Writer: Joe Hill
Art: Martin Simmonds
IDW‘s new title is about violence, stand-up comedy, ex-cops, and plagiarism. Plus it is written and illustrated by an incredible team of artists who promises to be an amazing team up for the ages. Basically what I’m saying is: I’m excited to see where this goes.
The comic opens with the protagonist,ex-cop turned comedian Syd Homes, performing his stand-up routine in a comedy club. After he’s done we get to meet his comedian adversary, Carl Dixon, as he taunts Syd whilst going up on stage for his own routine. It turns out that Carl has his comedy career going well, not because he’s talented but because he steals jokes and gets acquainted with producers. That enrages Syd and his friends provoking a direct conflict between Homes and Dixon.

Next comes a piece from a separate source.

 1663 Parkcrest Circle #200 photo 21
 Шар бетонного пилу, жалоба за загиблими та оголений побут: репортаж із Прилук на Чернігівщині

I have yet to read Joe Hill’s Locke and Key but from what I read in this first chapter it is easy to say that he’s got a knack for comics. He inserts a lot of exposition in Syd’s jokes taking an actual advantage of the comedy theme the story is about. The characters are smoothly introduced and the construction on Syd Homes’ past life as a police officer is charming and raises a lot of interesting questions, which makes sense seeing as this is only the first chapter.
Martin Simmonds’ artwork has drawn my attention since I read Punks Not Dead and even though the art is as mesmerizing in this new comic as it was in the previous series, with strong lines grounding reality and vivid colors, there are some differences. For instance, there are no magical elements in this story (at least not yet) so we don’t get that gorgeous glow Simmonds does so well. Instead, the artist creates an involving atmosphere for the scene that takes place inside the comedy club. Outside the club, we still get colder tones but keeping the involvement I mentioned before.
The coloring for this chapter is spectacular, I’m thinking maybe even more than any of Simmonds’ previous works. The only downside is a quick fight scene we get around the end of the comic that I’m thinking it is supposed to look distorted but there are some punches that don’t appear to hit so, it barely looks like a fight at all.
Like mentioned at the beginning of the review, I loved how well paired Simmonds’ style got with Hill’s storytelling and despite my regards about the fight scene, the plot and the art are more than enough to convince me to keep up with this comic and see just how wonderful and gritty it can get.
Like mentioned at the beginning of the review, I loved how well paired Simmonds' style got with Hill's storytelling and despite my regards about the fight scene, the plot and the art are more than enough to convince me to keep up with this comic and see just how wonderful and gritty it can get.